Steiner offers words from Fichte who says "the world is a dream and everything we think about the world is a dream of a dream" and from Edward von Hartmann who calls the chair we see is only a dream of the chair-in-itself. Steiner scoffs at Hartmann, saying it is difficult to sit on a chair that is only a dream. Why all this talk about dreams?
[page 77] The point we are making is not to persuade you that the world is a dream; the discussion of the idea becomes the spur to awaken within ourselves. And awakening begins with an energetic grasp of our thinking, an active seizing hold of our thinking. An awakened thinking is precisely what leads you into something else.
In Lecture 7 Steiner treats us to an exposition on the deeper meaning of the words, Truth, Beauty, and Goodness. First there is Truth which is like a fabric which connects us to our pre-earthly existence, which we must take care not to sever.
[page 81] This connection is a delicate spiritual fabric, if I may say it in that way; a fabric that we have woven during our pre-earthly existence, a fabric that shapes the form and contours of our physical body. I would like to put it this way: it is as if our physical body was connected by many threads to its pre-earthly existence, and when we surrender to untruthfulness, it severs these threads. The purely intellectual consciousness that has become prevalent since the beginning of the era of the Consciousness Soul is so appealing to human beings that we are not even aware of being torn away from our pre-earthly existence. This is one of the reasons why human beings today have so much difficulty understanding how the human being stands in relation to cosmic existence.[page 83] When we strive for a real experience of truth and truthfulness, we discover this within the physical body. When we wish to develop our feeling for beauty, our experience of beauty in the right way, we discover this in our body of formative forces; that is, the etheric body. Beauty is connected with the etheric body just as truth is connected with the physical body.
Just as truthfulness can be felt in our physical body, beauty can be felt in our etheric body. We each gather forces from the entire forces of the cosmos when we enter this incarnation from our pre-earthly existence. An artist is someone who presents us with a beautiful gift from their pre-earthly experience using their etheric body forces.
There is a saying that "beauty is skin deep, but ugliness goes all the way to the core". The ancient Greek experienced ugliness as coldness, even causing goose bumps in the extreme. Transient shivers are a puzzle, and some people say you have them when "someone walks on your mother's grave" or a "ghost passes through you". These are unconscious responses of our bodies today that in earlier times, people felt deeply as living experiences in full consciousness. We are left with fairy tale explanations which can be called superstitious by people who are afraid of the unknown, which rightly understood means afraid of their unconscious responses. Being able to say, "Someone walked on my mother's grave" provides a quick answer with which to vaporize the otherwise unanswered question, "What just happened in actuality?"

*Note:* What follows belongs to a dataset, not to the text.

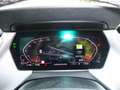 BMW 218 Gran Coupé NAV/AHK/LED/18Zoll Alu Blanc - thumbnail 14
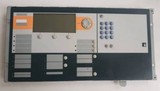西门子FCM7218-G3操作单元主控单元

We will feel sadness in the increasing absence of truthfulness of our current age, and the one anodyne which will help us is the presence of beauty.
[page 85] As you develop an enthusiasm for the truth and then experience a certain sadness living in the present age, your soul will be comforted and illuminated by the warmth of experiencing beauty. Through beauty we once again receive joy to balance the sadness that sweeps through us as we try to develop our enthusiasm for truth and truthfulness.

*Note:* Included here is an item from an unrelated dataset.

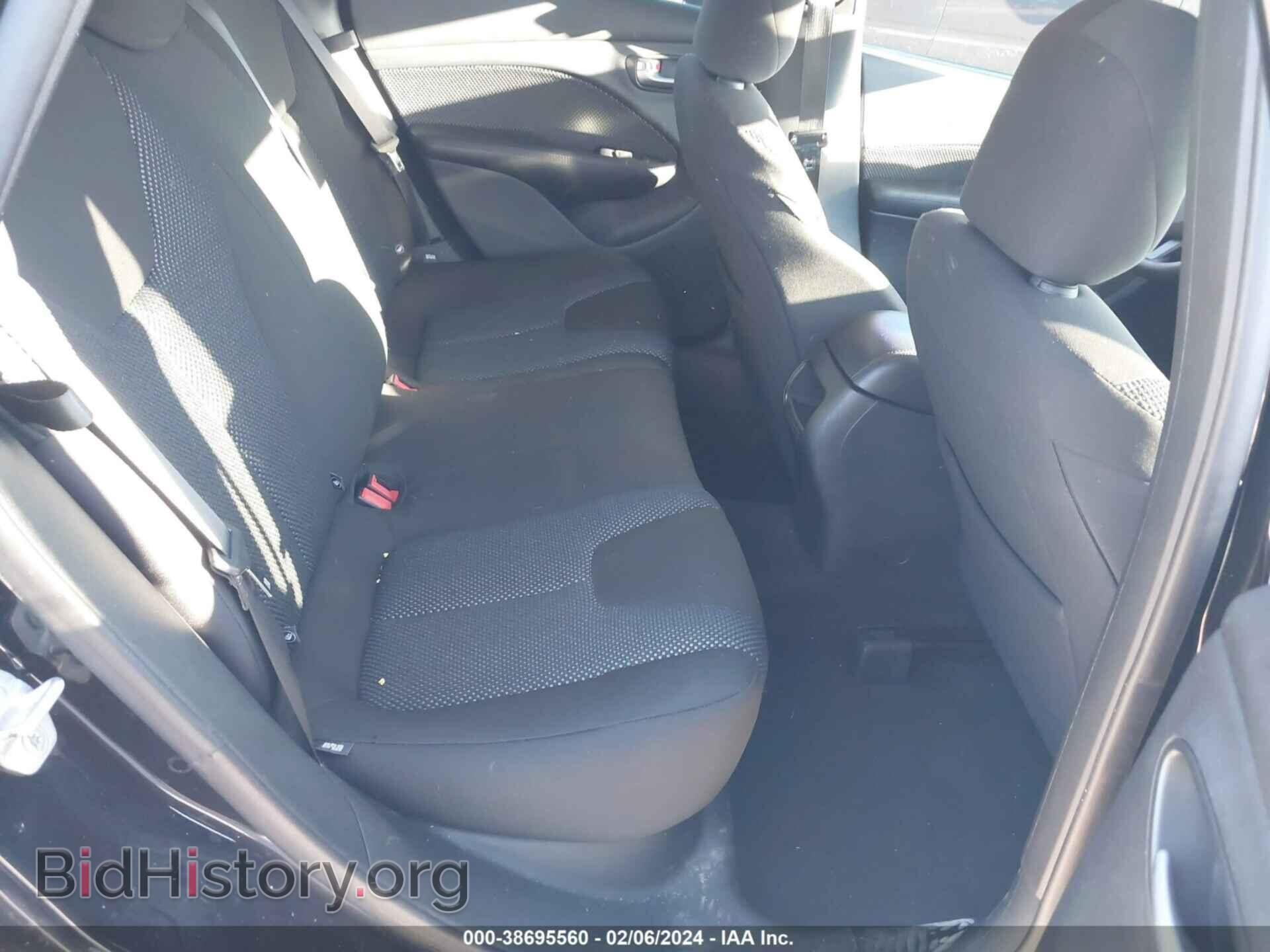 2015 DODGE DART - VIN: 1C3CDFAA3FD337845 - Фото 8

We live as humans immersed in the spiritual world, but as thinkers we cannot form abstract logical constructs of the spiritual world and therefore can miss the very presence of real information arriving from the spiritual world. One sure way to recognize the spiritual world is when we say we "feel something in our bones", something which generates enthusiasm and warms us with its presence.
[page 86] Even though this spiritual world is always there, the human being has a connection to it only in the deepest levels of unconsciousness, when one glows with enthusiasm for truth and truthfulness. And a connection is also made between earthly existence and the spiritual world whenever a human being is warmed by something beautiful, and by beauty itself.

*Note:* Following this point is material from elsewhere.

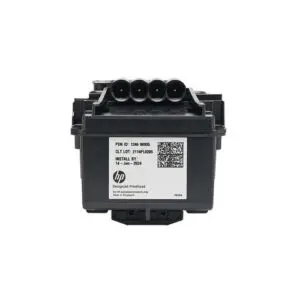 HP DesignJet 739 Printhead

What is goodness? It is similar to beauty in that it provides us a way of re-connecting ourselves with the spiritual pre-earthly life we left when we incarnated into this life. While beauty is something we mostly experience as a result of what someone else has done, goodness can only be experienced as a result of something we ourselves have done to help others.
[page 86] A good human being is one who is able to give something of their own soul to the soul of another human being. The capacity to take something of your own soul and give it to the soul of another is foundation of all true morality. Moreover, no social configuration on earth can be sustained without the element of true morality (4).
We are now in a position to discover, just as truth is related to our physical body and beauty to our etheric body, that goodness is related to our astral body.
[page 87] Just as the feeling for the true is manifest in your physical body, just as the glowing experience of the beautiful is impressed upon your etheric body, so the good enlivens your astral body. Your astral body cannot be healthy, cannot stand upright in the world, when you are not able to be permeated by goodness.
Truth is related to the physical body;
Beauty, to the etheric body; and
Goodness, to the astral body.Equally important to know is that Truth is connected to the Past, Beauty to the Present, and Goodness to the Future.
[page 88] To be united with the true means that we must remain connected to our spiritual past. For beauty to have meaning, we must not deny that the spiritual and the physical worlds are interwoven [RJM: In the Present]. To be guided by the good means that we shall plant a seed on behalf of the spiritual world for the future.
To summarize: we can now see and come to understand, after some thought, the following relationships:
Physical Etheric Astral
Truth Beauty Goodness
Past Present Future
Now Steiner asks us, some of us new to his work, to make a gigantic leap and accept fairy tales as depicting reality. That would be like asking us to accept the gods of the ancient Greek as reality, would it not? It would seemingly require us all to throw Bacon's way of dealing with the world out of the window, right? Well, not so fast. Bacon would ask us to deny the existence of gods and fairy tales, but we don't have to deny the usefulness of Bacon's way of doing science based exclusively on the sensory world. Steiner certainly never did that, nor did he ever complain that Bacon was in error, only that we moderns following Bacon's advice have thrown out the spiritual world after the cleansing Bacon recommended. Such an act certainly would equal the proverbial act of throwing out the baby with the bath water. Luckily, during this cleansing, some poignant reminders of the existence of the spiritual have come down to us in myths and fairy tales, which remain a puzzle to us. Using Bacon's advice, we have treated these as superstitions, up until now. Following Steiner's advice we can reconcile the existence of the spiritual world and the physical world as equal realities, both being important to our human existence.
[page 91] What used to be understood as the life of nature is now referred to as myths and fairy tales. These myths and fairy tales contain pictures that point to a spirituality that permeates nature. This is an elemental spirituality within uncertain boundaries, but spirituality nonetheless; and one that reveals a still higher spirituality. Humanity in earlier times was not dealing just with plants, stones, and animals; human beings formerly were also in contact with elemental spirits, which lived within the earth, water, air, and fire. As we have lost our awareness of the inner human being, so, too we have lost a living experience of nature spirits.